Task item: Beginning with the line that contains "Christian Dior Mens" and ending with the line that contains "Small Womens Wallet, Cute", reproduce the lines of the entries below exactly, omitting pictures.

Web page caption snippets
*** Block opens ***

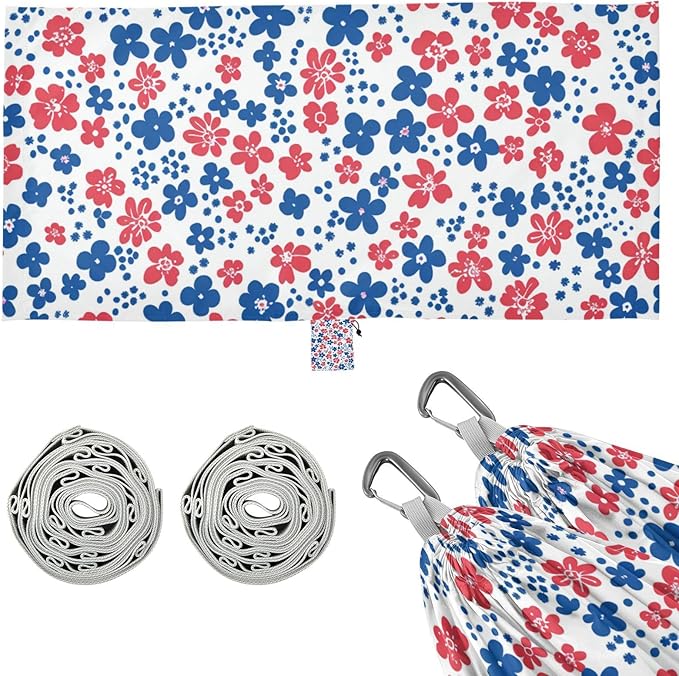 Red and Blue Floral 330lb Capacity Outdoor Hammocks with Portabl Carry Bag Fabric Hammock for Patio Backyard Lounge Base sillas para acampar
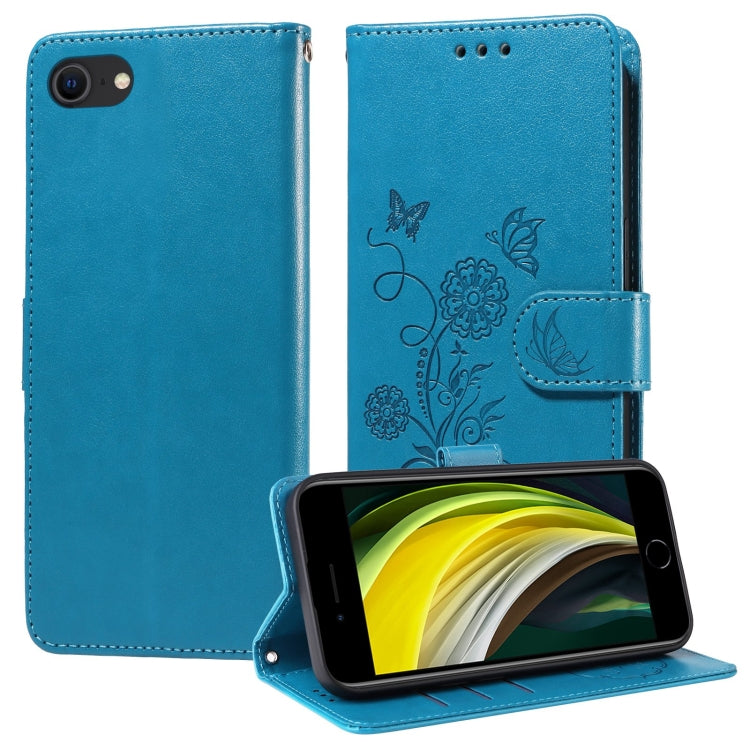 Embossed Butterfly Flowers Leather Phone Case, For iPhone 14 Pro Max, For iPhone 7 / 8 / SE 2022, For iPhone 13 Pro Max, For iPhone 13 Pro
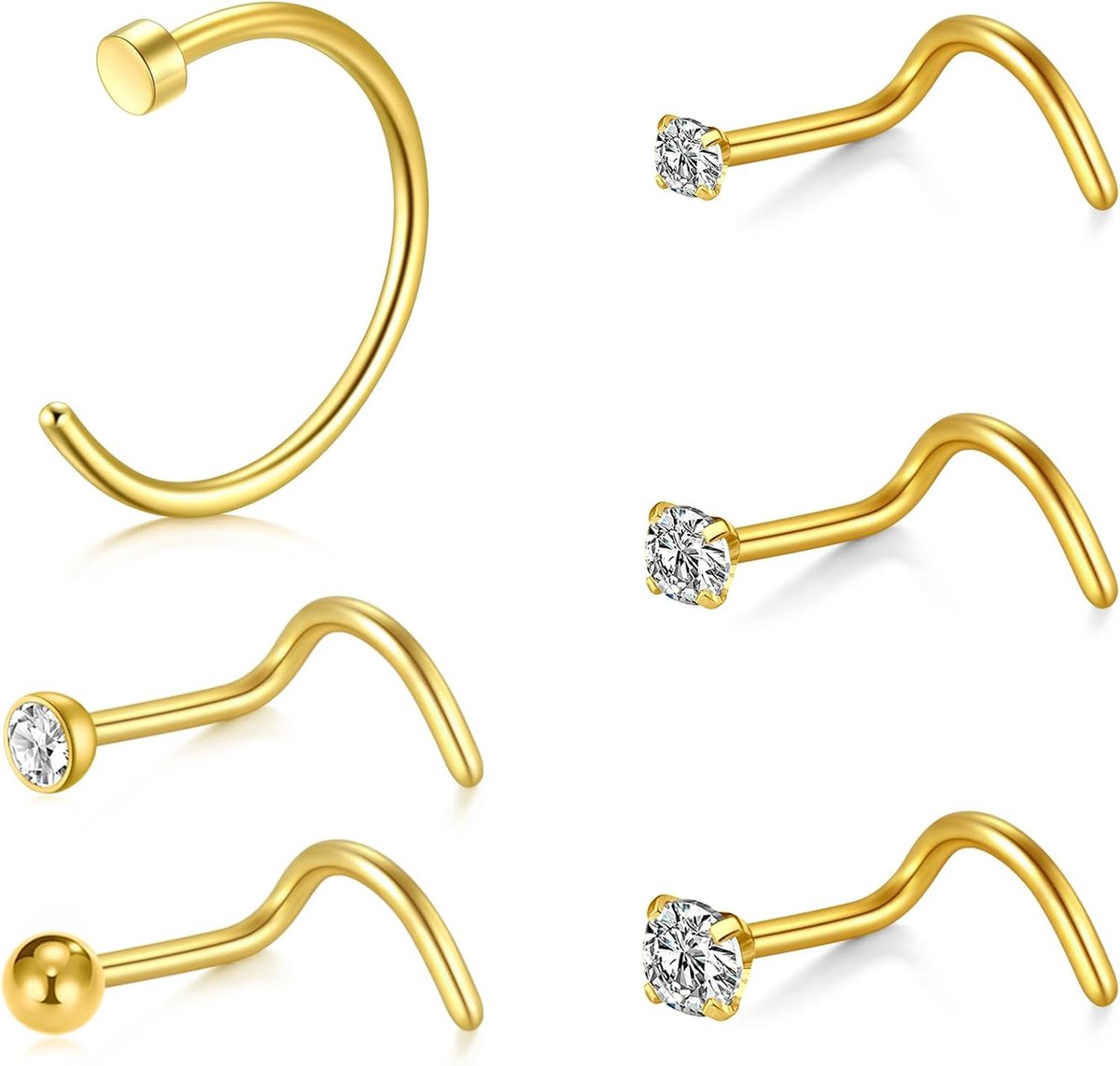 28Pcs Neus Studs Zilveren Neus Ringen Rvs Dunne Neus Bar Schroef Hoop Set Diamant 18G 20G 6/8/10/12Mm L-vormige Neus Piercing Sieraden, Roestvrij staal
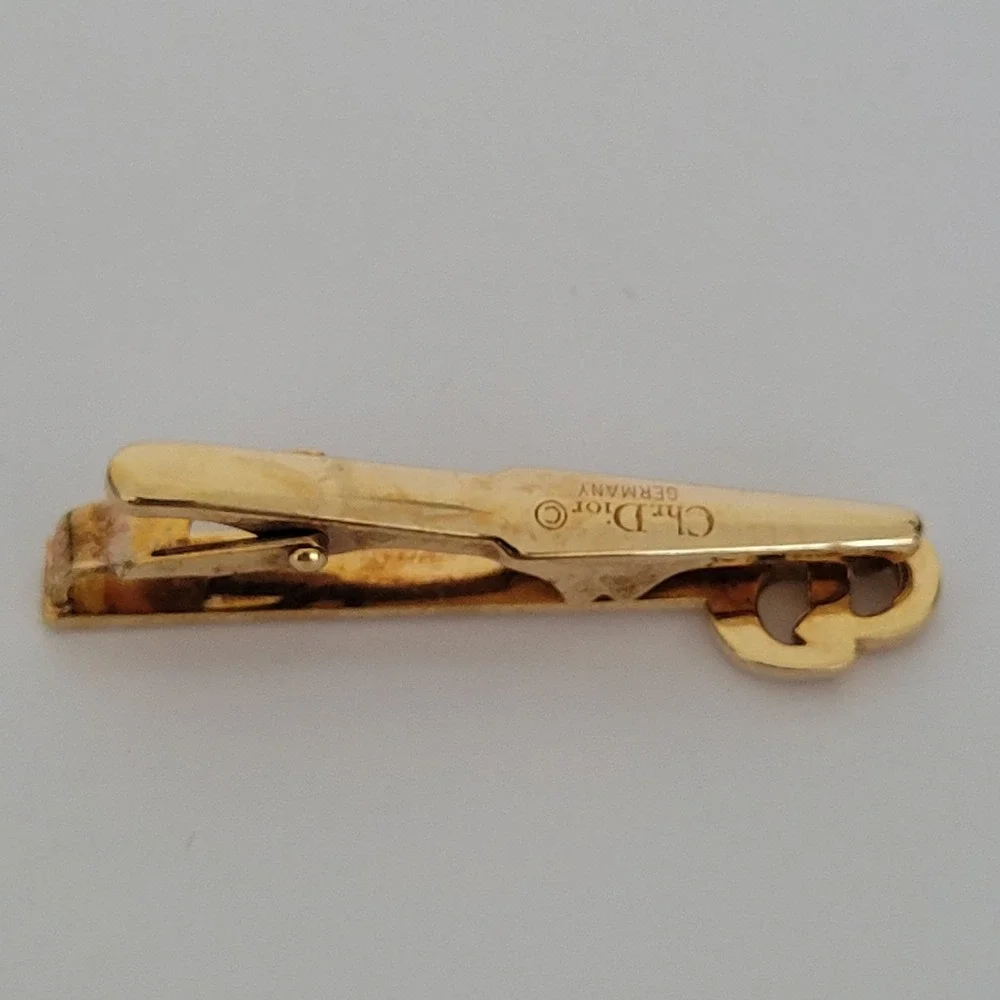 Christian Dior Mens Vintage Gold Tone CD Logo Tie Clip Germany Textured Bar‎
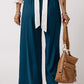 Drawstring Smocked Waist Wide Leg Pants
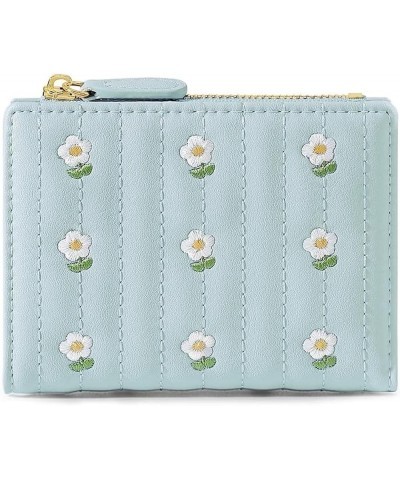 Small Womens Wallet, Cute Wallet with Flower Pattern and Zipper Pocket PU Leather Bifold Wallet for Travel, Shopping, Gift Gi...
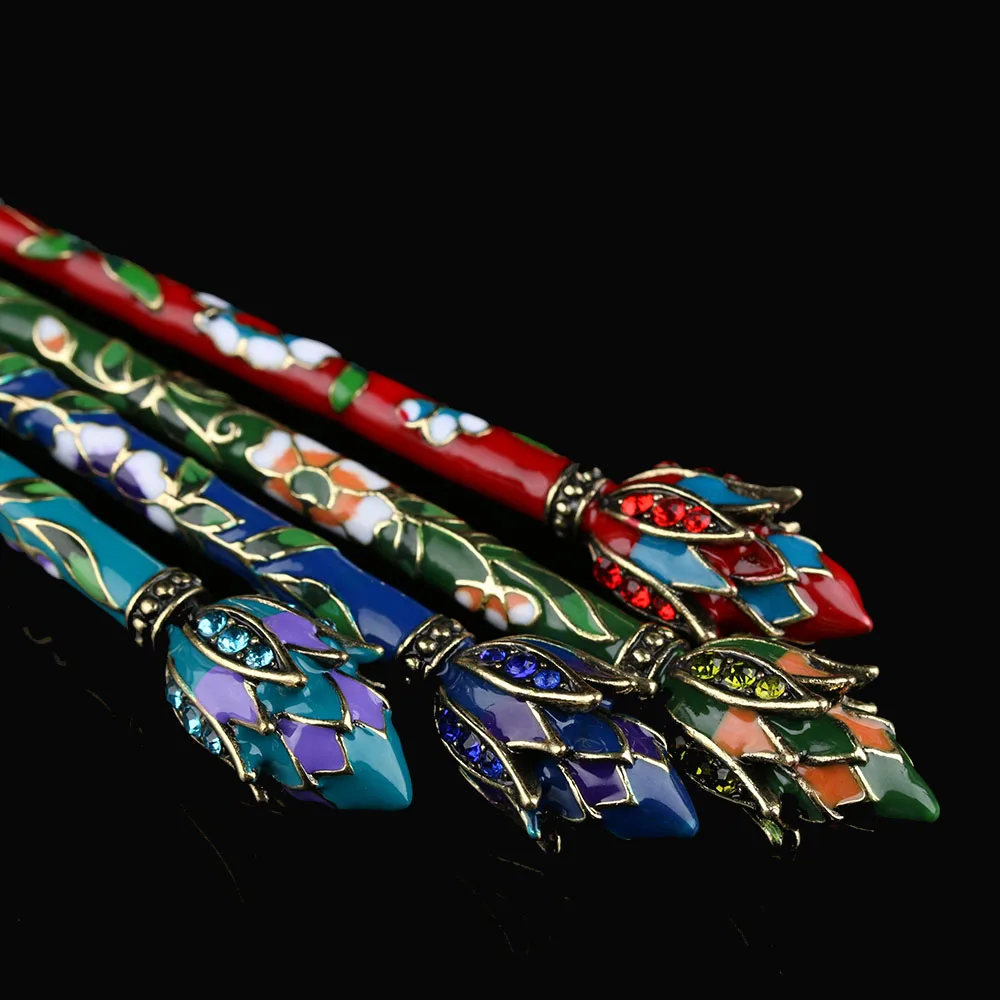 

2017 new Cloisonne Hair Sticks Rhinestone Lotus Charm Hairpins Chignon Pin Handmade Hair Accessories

*** Block closes ***

Reply to the task:
 Christian Dior Mens Vintage Gold Tone CD Logo Tie Clip Germany Textured Bar‎
 Drawstring Smocked Waist Wide Leg Pants
 Small Womens Wallet, Cute Wallet with Flower Pattern and Zipper Pocket PU Leather Bifold Wallet for Travel, Shopping, Gift Gi...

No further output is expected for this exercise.